Postgraphile in Production: What to do and not do.

Han
8 min readMar 26, 2022

Postgraphile is a very performative one click Graphql server. We tried it three years ago and really liked it and have been using it ever since. However, as our business grows, we came across a number of pain points that makes our api server unbearable. A number of design flaws were revealed as the data size grows. I compiled a list of things that we should have enforced at the beginning before it is too hard to refactor.

Don’ts

Don’t use connection-filter plugins without understanding the consequence.

There are several plugins that makes front end developer’s life very easy, such as connection-filter. As a backend developer, it was very tempting to just enable this plugin so that front end developer don’t have to ask backend to create new api or resolvers, they could just use some filter and get the data. However, as the nature of any application is to be backward compatible, once you enable this plugin, it is almost impossible to disable it in the future. Things soon get out of hand, some intern or junior developer end up injecting some crazy filters that worked ok with less data, but two years later, exploded on our face. It took quite a while to track that down due to a bunch of mixed issues which I will cover later. Instead, try to manually use makeAddPgTableConditionPlugin, it takes some time at beginning, but trust me it will worth it. It makes refactoring much easier.

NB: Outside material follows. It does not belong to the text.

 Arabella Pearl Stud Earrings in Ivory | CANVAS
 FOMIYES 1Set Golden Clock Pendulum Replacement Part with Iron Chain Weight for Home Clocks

Of course, it is a very useful plugin and I am definitely not saying don’t use it, I just mean when you do use it, really make sure your team member understands the limitation of the plugin and use e2e test to ensure it does not break.

Don’t make expensive computed_columns

Postgraphile makes it so easy to add new fields to existing models, you just have to make a pg function named a specific way([model]_[field_name]), it will appear in [model] as a new field [field_name]. But it is very crucial to make it not expensive. Adding aggregate functions and such almost inevitably will have a scale issue. It might be ok now, but once data size grows, you get paged at night.

Also, when you added an computed_column, at some point later project manager may ask you if they can fetch data with filters on this field, or order by this field, then you added a makeAddPgTableOrderByPlugin and because this pg function is calculated for every record in the table in order to do the OrderBy, it may very lightly be slower and slower. My company’s table grows exponentially in the past 3 years and we started to notice a lot of these computed_columns taking too much resources and even break the entire database.

Don’t make expensive views

I know I said “ pg function is calculated for every row” before, but postgresql may be smart enough to inline the function SQL into the main SQL and do some rearranging and speed up the process dramatically. Same kind of optimization also applies to PgViews, sometimes it is applied to views better than pg functions. Obviously with the power of PgViews, and smartTag foreignKeys, it is very easy to extend a model with more fields. For example

type User {
id Int
Name String
}
# This is a view with a fake foreign key comment on the table so # these two models are associated.
type UserInfo {
userId Int
postCount Int
avgReview Float
}

But it is also very important to now keep in mind if scaling issue of views. We had a tree structure models in our database, a service that go through a number of changes (happened in any time) and end up with a final price.

To answer question like “What was the price of all service on 2021–02–01”, or “What was the price of all services two month later”, we used postgres recursive view to calculate all the service’s price at any point in time. Then we use a smartTag foreignKey to associate the view with service table and done, we get the data. However, a year later our service table and also the changes table size increased dramatically and this view become very expensive, so we made it into a materialized view and refresh every hour. And here comes to my third point:

Don’t make extremely large materialized views

The recursive view is so much larger than the service table and changes table combined, each time it refreshes it takes so much memory and almost completely freeze the database for a couple of minutes or even break postgres and force it into restart. This become unbearable very quickly, because when postgres is down, everything is down.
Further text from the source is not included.